Annan also asserted that he was always in opposition to the Iraq war.
“The folly of that fateful decision was compounded by post-invasion decisions. The wholesale disbandment of the security forces, among other measures poured hundreds of thousands of trained and disgruntled soldiers and policemen onto the streets,” said Annan of the post-invasion strategy.
“The ensuing chaos has proved an ideal breeding ground for the Sunni radical groups that have now coalesced around the Islamic State label,” he further stated.
Mr. Annan said that combating the ISIS problem requires a long-term strategy, claiming that “there are no quick fixes or easy solutions,” reports Rudaw.
Another factor for regional instability was the Arab-Israeli conflict, added the former UN chief.
He warned, “The radicals are leading the Middle East astray if they think that their ideology will restore the Muslim world’s erstwhile greatness. On the contrary, world history teaches us that closed societies decay.
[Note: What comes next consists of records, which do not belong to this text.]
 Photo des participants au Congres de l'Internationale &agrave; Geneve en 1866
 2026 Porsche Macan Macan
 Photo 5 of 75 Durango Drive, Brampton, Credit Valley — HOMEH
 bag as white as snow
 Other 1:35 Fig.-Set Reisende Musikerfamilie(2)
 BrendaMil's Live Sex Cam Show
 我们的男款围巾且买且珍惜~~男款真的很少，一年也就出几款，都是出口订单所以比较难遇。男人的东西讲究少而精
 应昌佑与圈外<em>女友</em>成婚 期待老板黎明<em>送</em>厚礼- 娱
Open societies are the ones that prosper.”
In concluding his speech, Annan suggested that “the Middle East must adapt, change, and build a future” based on “peace and security, inclusive development, the rule of law, and respect for human rights.” He added, “If it does so, then I believe the majority of the people of the Middle East will not be sorry to see the end of the Middle East as we know it.”